The impact of prison

When the prison door slams shut hard behind you, you are left with what feels like an eternity to contemplate your situation. Whether your period of incarceration is a day or the rest of your life, for those lonely moments in the long of night, you are all in the same boat. Nothing more now than a number.

Would this solitude change me? Would I be able to get through it? I had to focus on something; forget to a point the outside world and find a new steer. But what? Options were limited in prison. Either go to the gym, take up building ‘things’ out of matches as many had already, join the waiting list for employment perhaps? I didn’t fancy spending the next five years moping the floor. Yet, as I considered my options, I realised that what I really wanted to do was right in front of me. But how would I get to it?

Getting legal

Towards the end of 2013 and into the start of 2014, I had submitted my representations to the Royal Courts of Justice regarding the length of my sentence. I had been swatting up you see – and everything I was reading was pointing in the same direction – that the judge had been slightly excessive with his sentencing powers.

This was held by the Court of Appeal, and my sentenced was reduced to seven years. Still a fair stint however, the psychological and mental edge of having a ‘single figure’ sentence opposed to a ‘double figure’ sentence was quite something.
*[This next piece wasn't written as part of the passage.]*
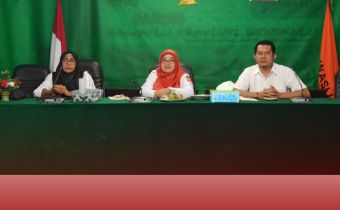 Rapat Koordinasi Persiapan Pendaftaran Pemantau Pemilu Serentak Tahun 2024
It wasn’t long before other inmates would ask me to help them with their appeals. Asking me how I had worded my submissions or, where I had read about the guidelines. I soon became the ‘go-to’ guy for other prisoners’ legal issues and to my surprise – I really enjoyed the topic.

Getting an education in prison

I went to education and asked how I would go about doing a law degree. The educator laughed at me – told me I would never be able to do it but recommended I sign up for a budgeting and money management course instead.

Undeterred, I approached a second tutor who was more professional in their approach. Again, asking them how I would go about reading law, I was advised that the prison would never allow it but that I could do another degree if I wanted too. This was progress at least. The problem was, I had no formal education. The educator advised me that I would need to get my GCSEs first. So I did – English, Maths and ICT. What next, I asked? “What about A-Levels?” So I did that… A level English and maths. Can I start my degree now? “What about an access module?” So I signed up for that and a year later, I passed and received my certificate. Now can I start a degree? “Yes – let’s discuss your options.”

I wrote to The Open University, asking them how I would go about reading Law. I received a response advising me that there would be an open day in my prison, and that a representative from the Open University would be there to discuss if it was possible. That representative’s name was Lynn Scott. I’ve never forgotten this name because she made it happen for me. Lynn told me ‘with The Open University Mr Morriss, anything is possible’. I could not read Law year one – as it began year two – so I had to do something else for my first year. However, if I passed my first year, she would endorse a change to Law. So that’s what I did, and I’ve never looked back.

Turning an idea into a plan

Reading Law in prison is not easy. However, the more I learned, the more I was able to help people. With each module that I passed, my confidence and conviction grew. I literally became the ‘Criminal’ lawyer. Guys would bring me their D cat or tag applications, or their adjudication paperwork and ask if there were any significant flaws with the way it has been arranged, enabling them to submit to the independent adjudicator it be thrown out.

The more I did for people, the more I realised I had found my vocation. I began dreaming about how I could make this work on the outside too.

I did discuss my ‘big-idea’ with a few prison staff. They just laughed. Funny, the only people that really supported my vision in prison, were the other prisoners.

When the powers that be let me go, I focused all of my energies on making my dream a reality.

The Freshwood Group was designed to support prisoners and their families up and down the country with any and all of their prison related issues. Whether this be D cat applications, ROTL, HDC, Nickings – you name it, we would help with it. The fact that my core team comprised of individuals who had actually experienced prison first hand became our USP. Friends and families would sign us up to support their loved ones, based purely on the fact that we had walked the landings ourselves as prisoners.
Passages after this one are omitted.